Intro

This vignette walks you through training a word2vec model, and using that model to search for similarities, to build clusters, and to visualize vocabulary relationships of that model in two dimensions. If you are working with pre-trained vectors, you might want to jump straight to the "exploration" vignette; it is a little slower-paced, but doesn't show off quite so many features of the package.

Package installation

If you have not installed this package, paste the below. More detailed installation instructions are at the end of the package README.
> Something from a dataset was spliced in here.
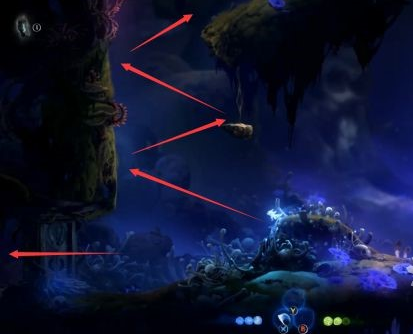 精灵与萤火意志水墨沼泽·小小勇士图文流程攻略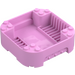 LEGO Leuchtendes Rosa Box 8 x 8 x 2 (65129)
if (!require(wordVectors)) {
  if (!(require(devtools))) {
    install.packages("devtools")
  }
  devtools::install_github("bmschmidt/wordVectors")
}

Building test data

We begin by importing the wordVectors package and the magrittr package, because its pipe operator makes it easier to work with data.

library(wordVectors)
library(magrittr)

First we build up a test file to train on. As an example, we'll use a collection of cookbooks from Michigan State University. This has to download from the Internet if it doesn't already exist.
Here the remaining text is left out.